15日は敬老の日。兵庫県多可郡野間谷村が戦後提唱した「としよりの日」がきっかけということだ。農閑期のこの時期に年配者の知恵を借りた村作りを狙ったもので、それが昭和41年(1966年)から国民の祝日となった。
我が国の人口1億2700万人のうち、4人にひとりが65歳、8人にひとりが75歳以上の高齢者。とくに100歳以上の長寿者は調査開始年(昭和38年)には153人だったのが、平成10年には1万人に達し、現在は58820人にのぼる。「きんは百歳、ぎんも百歳」のコマーシャルが懐かしい時代に突入している。

一宮むすび心療内科でも年配の患者さんは増加中で、65歳以上の方が15%を占める。三年前に”五大国民病”に指定された精神疾患だが、その中でも認知症とうつ病は特記されている。高齢化で増加する一方の両疾病の対応が急務とされるためだ。きょうはその認知症についてお伝えしようと思う。

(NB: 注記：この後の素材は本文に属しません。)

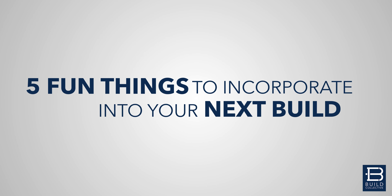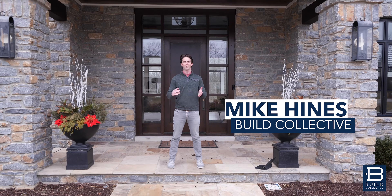So these are five fun things that you should incorporate into your next new build. Hey everybody, Mike Hines here with Build Collective of Coldwell Banker. We're excited today because this is a lot more fun video. We're actually talking about five fun things that you can do in your new build. A lot of times people sit down with us and you're all caught up about kitchens and bathrooms and space, but what about the fun stuff? So today we're gonna talk about five things that you should think about adding to your next house.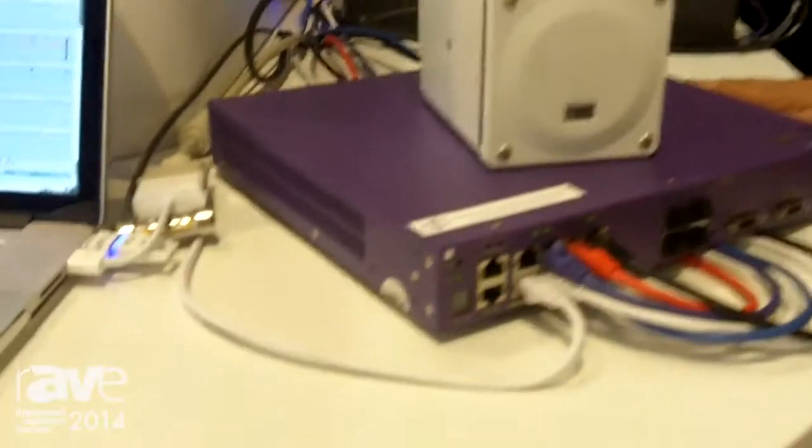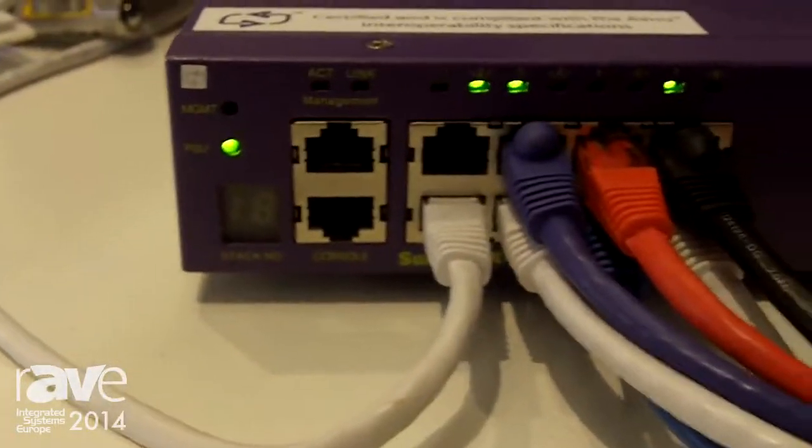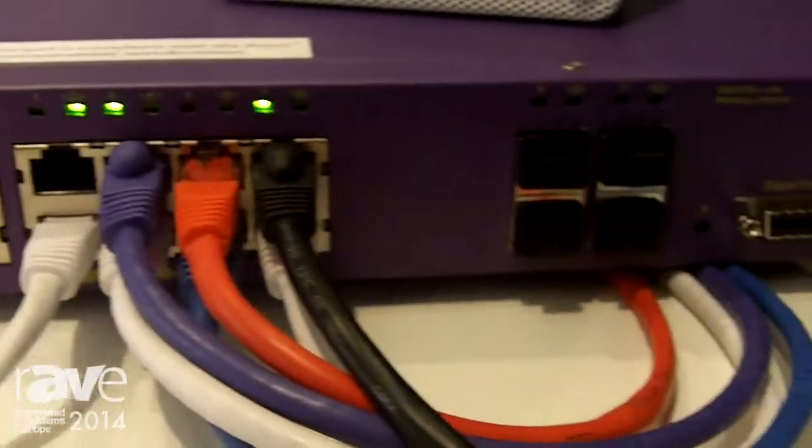Hello, my name is Frank Jimenez, and I'm with Extreme Networks, and I'm here at ISE 2014. We're here in the Avenue Alliance to show off our latest product, the Summit X440 series switch, which is AVB compliant.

少し前まで「痴呆」と呼ばれていた狭義の認知症は、文字通り、記憶や見当識[今が何月何日で、ここはどこかといった時間空間などの認識力]のような認知機能が後天的に低下した状態を指す。老化に伴う生理的な認知機能の低下[物忘れなど]とは区別される。これは大事なポイントだ。よくいわれるように、朝ごはんのおかずが思い出せないのが生理的物忘れ。食べたこと自体を忘れていたら認知症の疑い濃厚といった具合だ。
認知症とは別の疾患により一時的に同様の症状を呈することがあり、医師にとっては鑑別すべき重要点だ。例えば、アルコール依存症の老人に認知症状が表れた場合、ビタミン不足でなる場合もあれば、知らぬ間に頭を打って血腫(血の塊)が脳を圧迫して似た症状を起こすこともあり、さらには、アルコール性うつ病による抑うつから仮の認知症に陥ることもある。

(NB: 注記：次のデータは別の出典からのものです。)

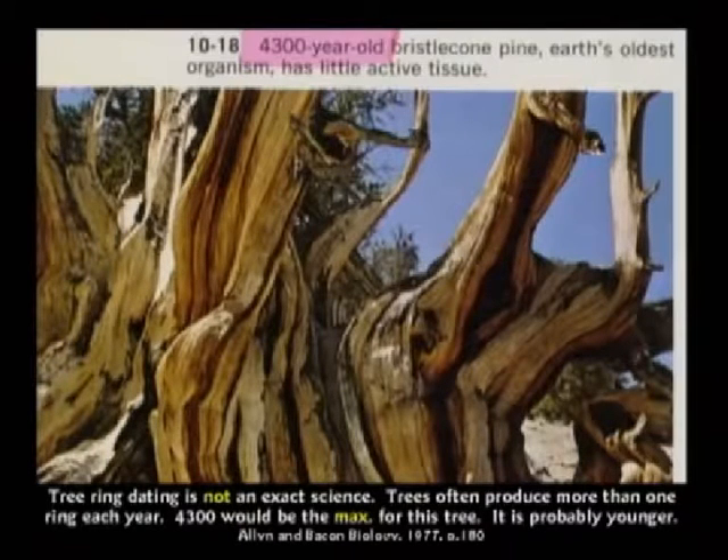The Methuselah tree is 4,300 years old. Now you need to understand tree ring dating is not an exact science.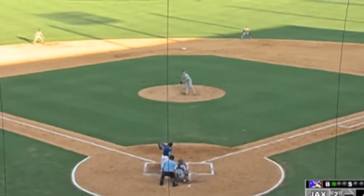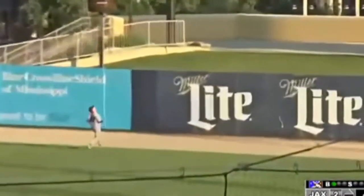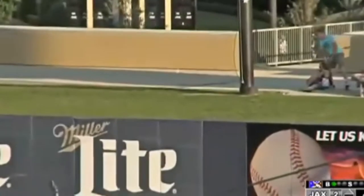First pitch of the ball to Troy Stokes Jr. The next is flied out towards deep right center field. Lee going back to the track — he looks up and kiss it goodbye.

有津背馬さん(69歳)は定年後の再雇用で働きだしたころから物忘れが目立ち始めた。本人は気にしていないのだが、妻を早くに亡くして一人暮らしであり、近くに住む家族が心配して受診された。生活の段取りが滞り、鍵や銀行通帳を忘れるなどはしょっちゅうで、いつぞやはガスコンロの煮物鍋に火をつけたまま散歩に出かけ、鍋が焦げてボヤ騒ぎとなった。
問診だけからでも、認知症の可能性が大きい。症状が確実に進行してきており、日常生活に支障が出る。そして本人に自覚のない点が見逃せない。精神医学では、病識がない、と表現するが、これがなかなかやっかいだ。
客観的指標としては、脳波や頭部MRI、SPECTといった画像検査があるが、当院のようなクリニックではできない。それをカバーすべく院長の前勤務先や市民病院と連携を取り、検査依頼体制を組んであるのでご安心を。
また、基本検査に長谷川式認知症スケール(HDS-R)がある。これは認知症を疑うすべての方に実施するが、それ以上に詳細で、認知症の大半を占めるアルツハイマー型の認知機能を測る面接検査ADAS-Jcogのコンピュータ機材を最近導入した。定期的なチェックにより病気の進行具合が予測できる。

と此処まで書いて、しかし思うのは、認知症は治すべき疾患か?という本質的な問いである。
認知症の社会的問題は病気そのものよりも、そこからくる徘徊や他者への暴力、事故など[BPSDと呼ばれる]が中心だ。認知症男性の鉄道死亡事故で、介護家族の責任が問われる判決が出て論議を呼んだのは記憶に新しい。”老老介護”の問題も身につまされる。
この機会に、戦後小説の金字塔といわれる深沢七郎の『楢山節考』を久しぶりに読み返した。長野の寒村を舞台にしたこの姥(うば)捨て伝説の話は、身震いするほどに鬼気迫る。その一方で、方言を交え、飄々(ひょうひょう)とした筆致と主人公の老女「おりん」のある意味突き抜けた性格造型のせいか、妙な明るさも併せ持っている。70歳になれば、食い扶持(ぶち)のために人生という舞台から去るのが運命(さだめ)とでもいうかのように、、、。

おん年81歳の永六輔さんは尊敬するひとり。彼の著作『大往生』にこうあった。
「こども笑うな きた道だもの、年寄り笑うな いく道だもの」。